The Norris Rancho name is one example of the way people folded Spanish terms into life after statehood in 1850. The Spanish word "alcalde" is another. This combination of mayor and judge was applied to Alamo's Silas Stone, who was an older, highly respected man. He was sometimes called Squire or Alcalde Stone.
Mildred Hoover in "Historic Spots in California" describes Norris and his purchase:
"When Leo Norris came to the rancho in the autumn of 1850, he found a branch of the Soto family residing in an adobe house then standing about 150 yards from the site of his (eventual) residence. Apparently these were brothers of Rafaela Soto de Pacheco who planned to settle there, but they moved elsewhere when all their horses were stolen by Indians.

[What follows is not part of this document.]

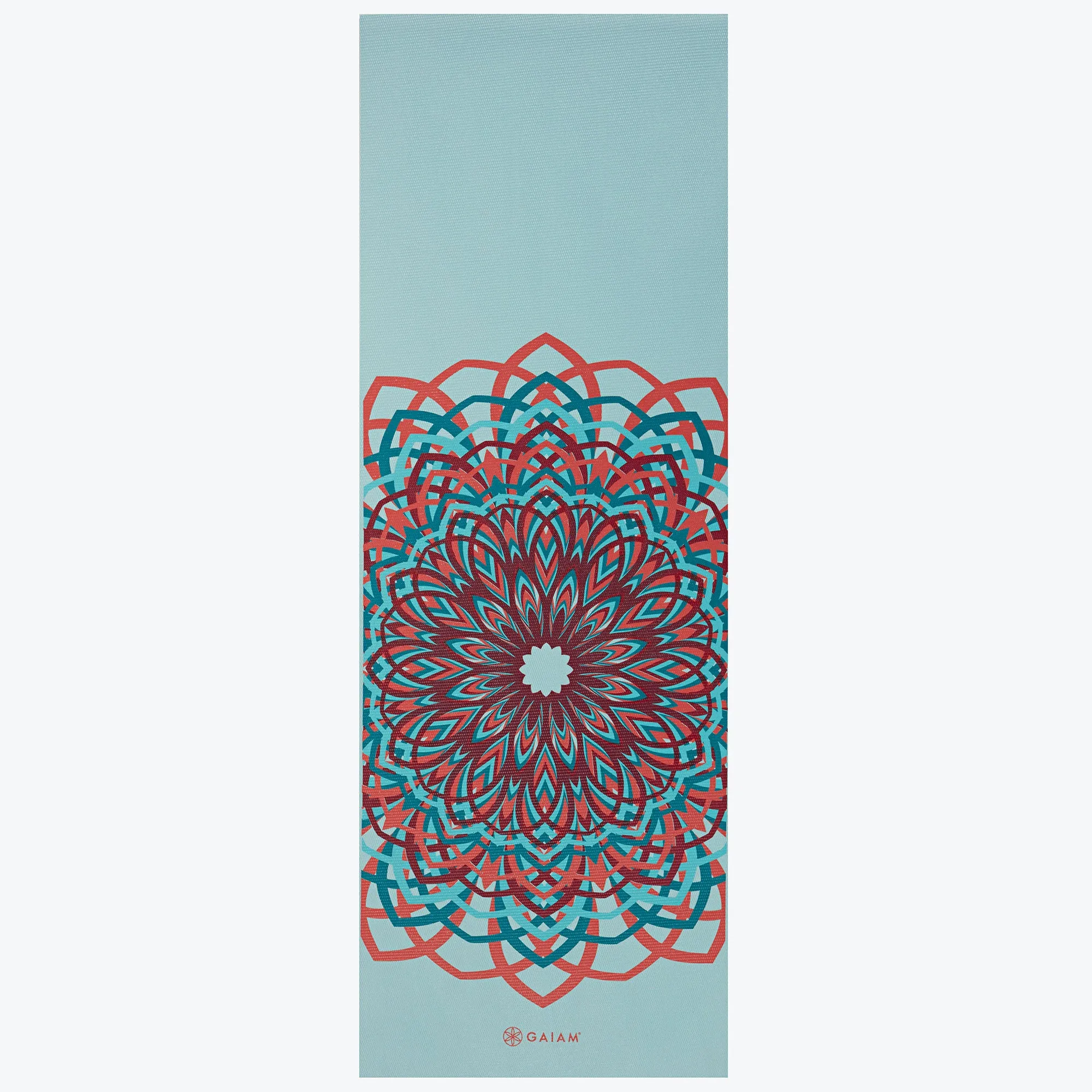 Premium Santorini Yoga Mat (6mm)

"Leo Norris lived at Mission San Jose from June 1847 until the early autumn of 1850 when he and his son William migrated to the San Ramon Valley. With them went their cousin, William Lynch, a native of New York, who had landed in San Francisco on June 28, 1849, from the pilot boat W. A. Hackstaff. Lynch was a journeyman carpenter and practiced his trade in San Francisco before going out to the fertile valley of San Ramon, where he aided Norris in erecting his house, the first frame dwelling in the valley.
"It was constructed from lumber hauled from the San Antonio redwoods by the long and tedious route through Mission San Jose, Sunol Valley, and Amador's (now Dublin). In spite of this roundabout journey, the house was ready for occupancy before the winter. The old Norris dwelling, which stood on Norris Canyon Road at the mouth of the canyon about half a mile west of San Ramon Valley Boulevard, was destroyed by fire in 1951."

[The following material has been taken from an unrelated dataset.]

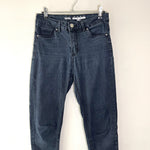 Pantalon Bota Tubo Negro - Thumbnail 3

Leo and Mary Jane Norris and family had immigrated to Alta California in 1846. That year other early San Ramon Valley residents included Joel Harlan and Minerva Fowler (who later married Joel) and Mary Ann and John M. Jones of Alamo. The Harlan and Glass families bought land from Norris in 1852 and 1859 while later immigrant Christian Wiedemann may have purchased property in the 1860s.
Life in San Ramon during the 1850s was rugged with travel and work done on horseback. Elk and antelope were abundant, and grizzly bears were always around. James Smith recalled William Norris as one of the best horsemen he had ever seen with an elegance of style and a lasso expertise which few could rival. Norris probably learned his skills from Mexicans in the area since he evidently used a riata (leather woven rope). Smith said: "I have seen many who were expert with the riata doing fancy roping, but William Norris was the most expert in a corral, roping the feet to cast the animal for branding, that I ever saw."
Leo Norris recalled later that they arrived two weeks before Christmas of 1850, a few months after California statehood. At first, life on their ranch was similar to Mexican rancho life with a reliance on cattle grazing, they later added hay and grain cultivation.
When American courts verified land ownership beginning in the 1850s, the Norris ranch included 4,451 acres (one square league) and Amador's San Ramon Rancho included 16,517 acres (four square leagues). A map which accompanied the court judgment in 1862 shows the Norris Rancho in the northwest corner.
Sources: Mildred Hoover, "Historic Spots in California"; James Smith, "Recollections" ed. G.B. Drummond; Warren Beck, "Historical Atlas of California."
Beverly Lane, a longtime Danville resident, is curator of the Museum of the San Ramon Valley and co-author of "San Ramon Valley: Alamo, Danville, and San Ramon."